START Entries supplied

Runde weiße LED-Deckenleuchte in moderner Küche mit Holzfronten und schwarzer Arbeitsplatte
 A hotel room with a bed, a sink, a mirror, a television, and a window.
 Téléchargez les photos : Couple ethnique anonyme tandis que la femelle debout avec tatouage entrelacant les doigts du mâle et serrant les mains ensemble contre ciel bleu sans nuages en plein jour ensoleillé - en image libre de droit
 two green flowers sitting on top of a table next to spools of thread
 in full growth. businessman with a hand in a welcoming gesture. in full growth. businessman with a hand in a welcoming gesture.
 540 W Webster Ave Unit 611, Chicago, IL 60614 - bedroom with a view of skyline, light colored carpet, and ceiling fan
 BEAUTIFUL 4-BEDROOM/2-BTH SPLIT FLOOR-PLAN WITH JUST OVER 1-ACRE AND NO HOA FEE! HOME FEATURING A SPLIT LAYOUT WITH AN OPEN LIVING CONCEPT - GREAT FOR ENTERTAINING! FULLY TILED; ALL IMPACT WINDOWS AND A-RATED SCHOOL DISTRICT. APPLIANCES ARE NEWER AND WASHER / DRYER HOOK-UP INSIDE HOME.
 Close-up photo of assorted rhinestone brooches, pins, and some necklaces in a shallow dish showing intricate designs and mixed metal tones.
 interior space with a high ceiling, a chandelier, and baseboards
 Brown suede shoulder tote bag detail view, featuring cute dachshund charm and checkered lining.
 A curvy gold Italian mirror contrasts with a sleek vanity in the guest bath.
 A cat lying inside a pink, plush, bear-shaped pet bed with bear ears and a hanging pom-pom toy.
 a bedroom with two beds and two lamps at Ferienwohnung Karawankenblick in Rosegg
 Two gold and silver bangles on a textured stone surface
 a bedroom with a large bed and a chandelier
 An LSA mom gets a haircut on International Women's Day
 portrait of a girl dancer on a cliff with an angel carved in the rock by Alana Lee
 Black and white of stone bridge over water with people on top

END Entries supplied

The answer is the line containing "An LSA mom gets" together with every line after it in the records, repeated exactly and with nothing else.

Result of the exercise =
 An LSA mom gets a haircut on International Women's Day
 portrait of a girl dancer on a cliff with an angel carved in the rock by Alana Lee
 Black and white of stone bridge over water with people on top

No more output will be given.